▶ **Work task**
The pictures are to be omitted when the entries are reproduced exactly.

▶ **The records**
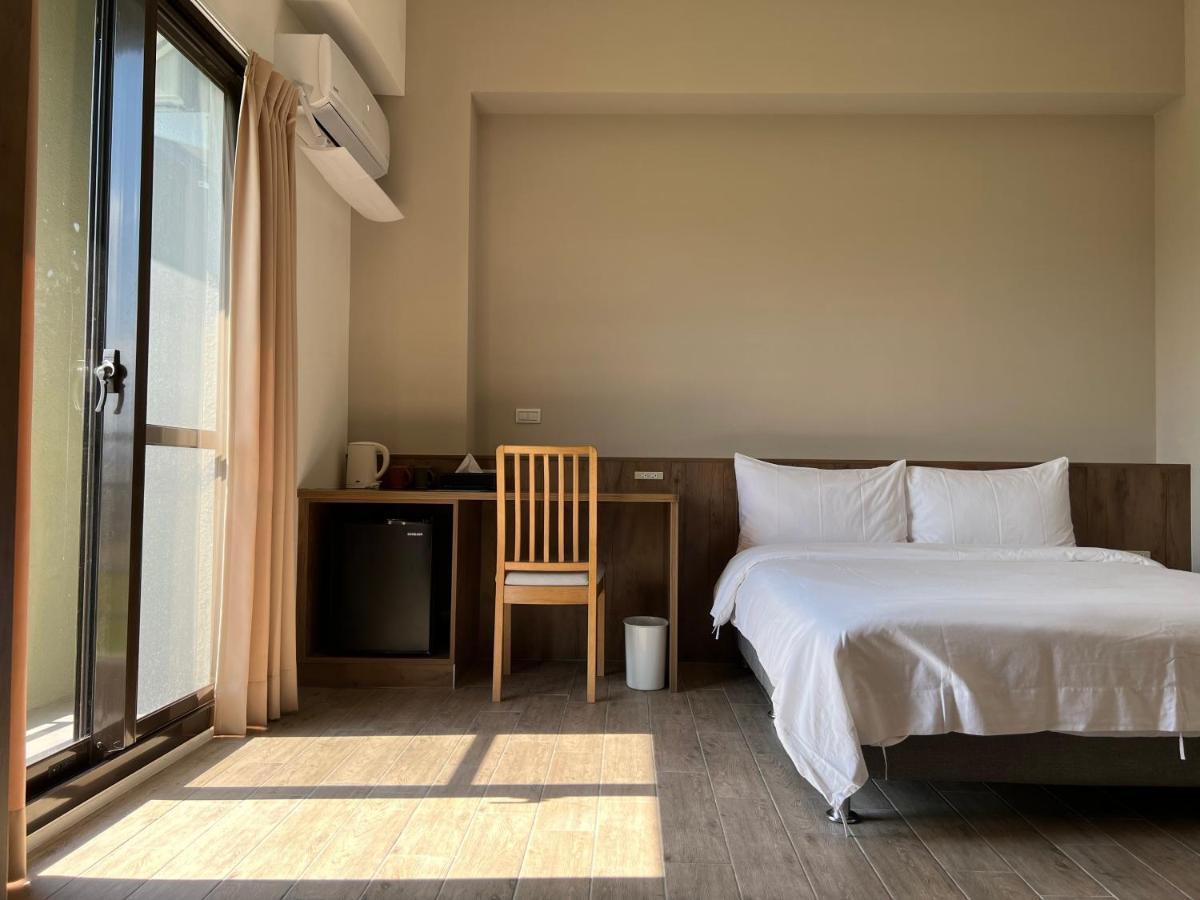 轉運站民宿 Transfer Station Homestay Yilan Εξωτερικό φωτογραφία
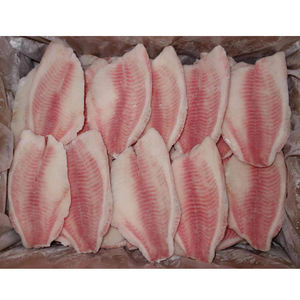 Filet de Tilapia IQF Congelé de Haute Qualité Provenant de Chine, Spécifications de Découpe Standard, Disponible en Vrac - Product Image 4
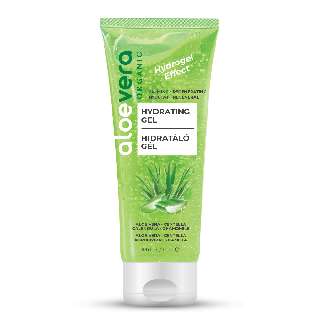 ALOE VERA ORGANIC HIDRATÁLÓ TESTÁPOLÓ GÉL 250 ML - 040616000.5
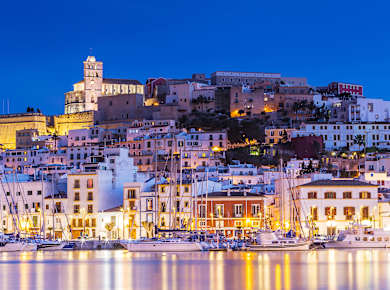 Ibiza-Stadt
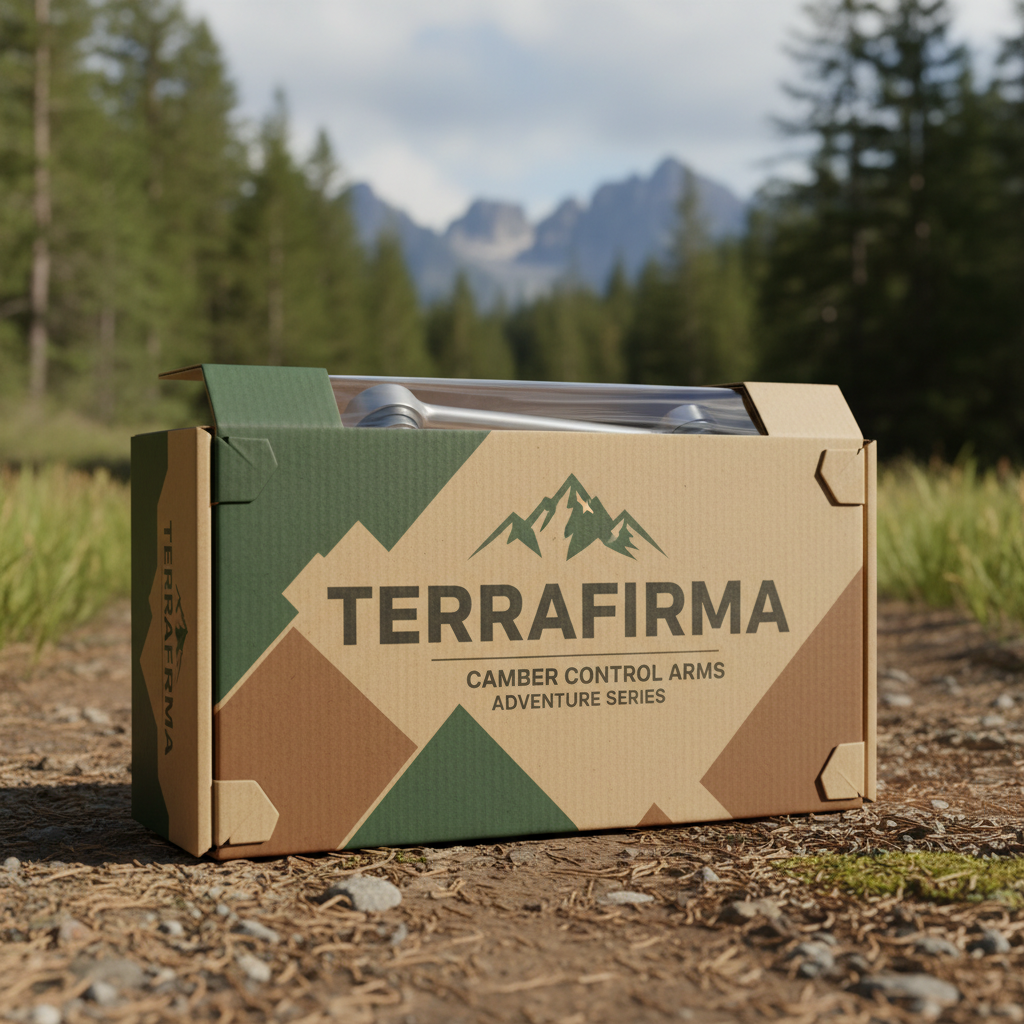 Optimizing Vehicle Performance with Advanced Camber Control Arms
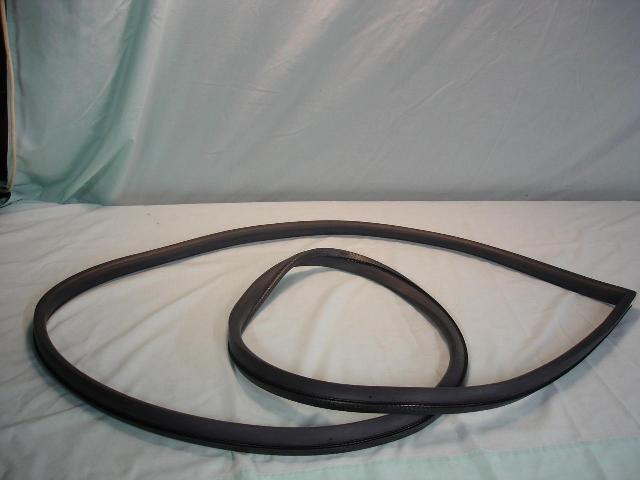 Seal , door (body/windlace) , 70 - 72 1800E coupe , LH/RH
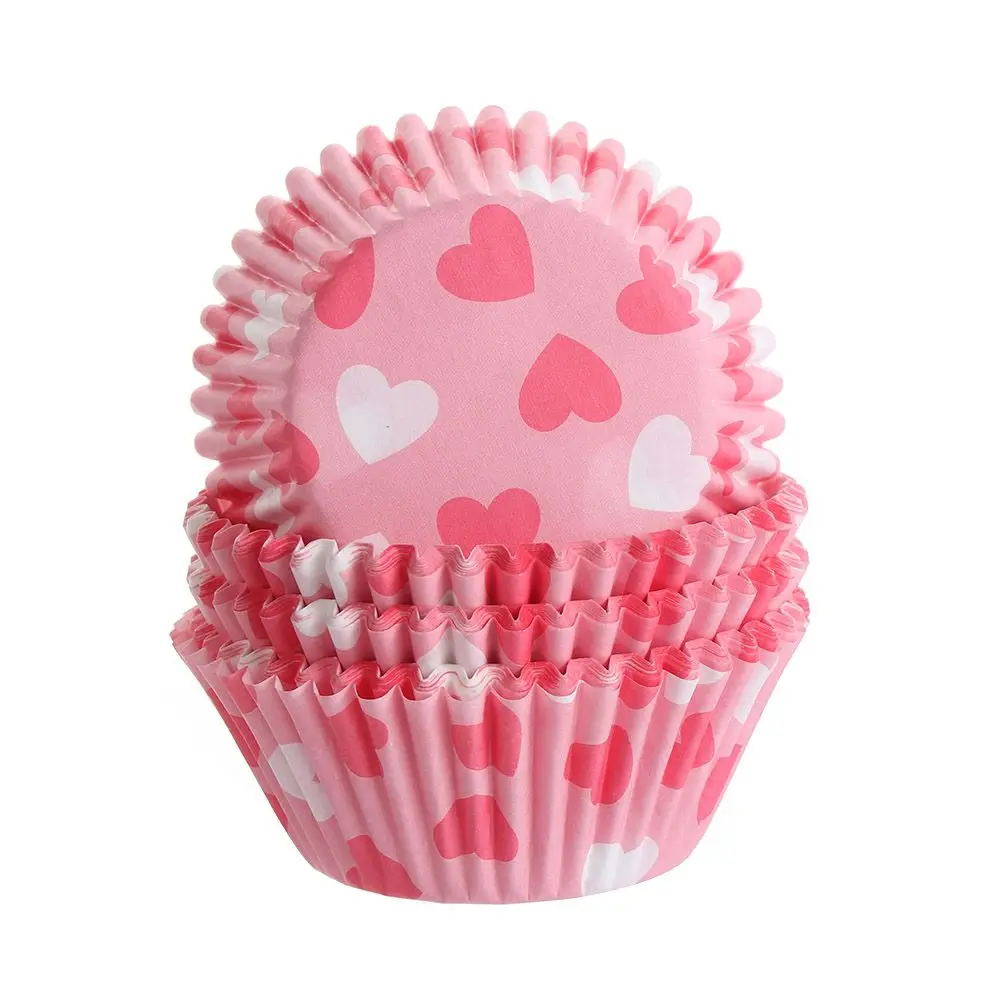 100PCS Kitchen Accessories Cupcake Liner Cake Cup Baking Cups Muffin Boxes Wrapper Paper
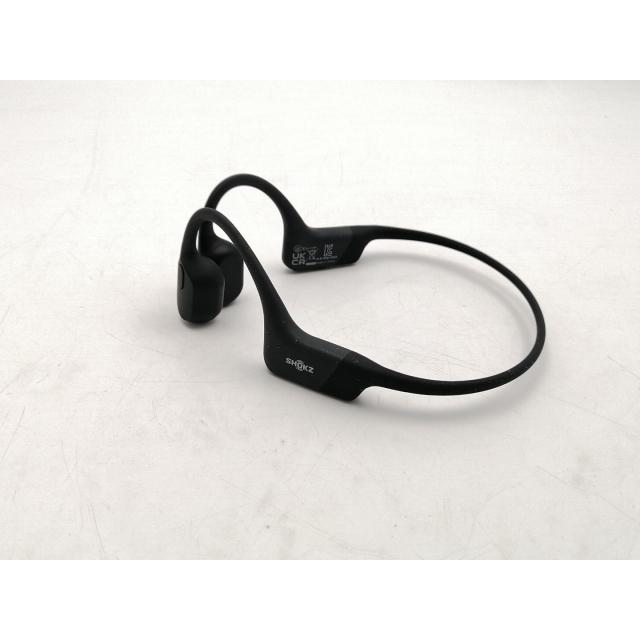 中古】Shokz OpenRun Mini SKZ-EP-000012 [ブラック]【ECセンター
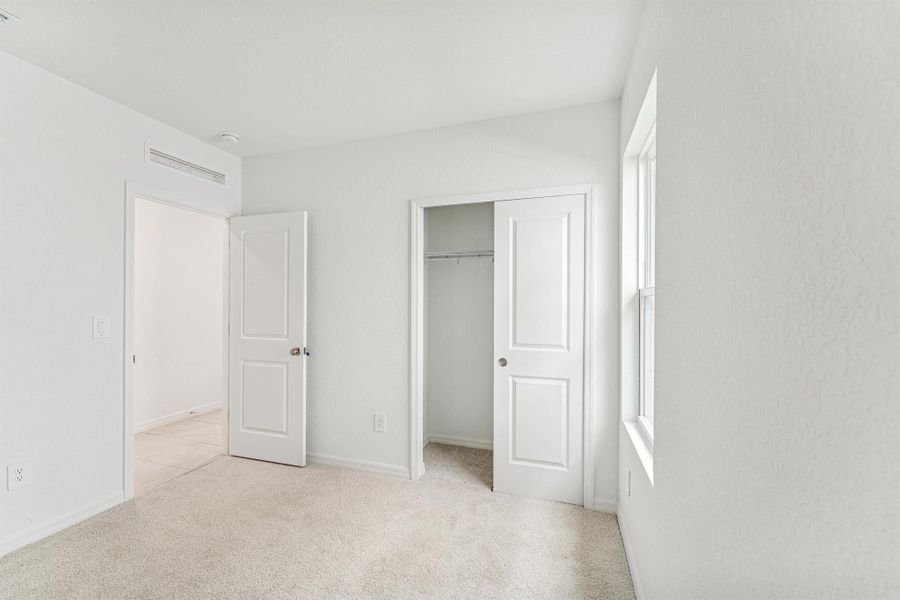 Furnished interior view inside a new home in , Fort Pierce (Image 25).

▶ **Solved exercise**
 轉運站民宿 Transfer Station Homestay Yilan Εξωτερικό φωτογραφία
 Filet de Tilapia IQF Congelé de Haute Qualité Provenant de Chine, Spécifications de Découpe Standard, Disponible en Vrac - Product Image 4
 ALOE VERA ORGANIC HIDRATÁLÓ TESTÁPOLÓ GÉL 250 ML - 040616000.5
 Ibiza-Stadt
 Optimizing Vehicle Performance with Advanced Camber Control Arms
 Seal , door (body/windlace) , 70 - 72 1800E coupe , LH/RH
 100PCS Kitchen Accessories Cupcake Liner Cake Cup Baking Cups Muffin Boxes Wrapper Paper
 中古】Shokz OpenRun Mini SKZ-EP-000012 [ブラック]【ECセンター
 Furnished interior view inside a new home in , Fort Pierce (Image 25).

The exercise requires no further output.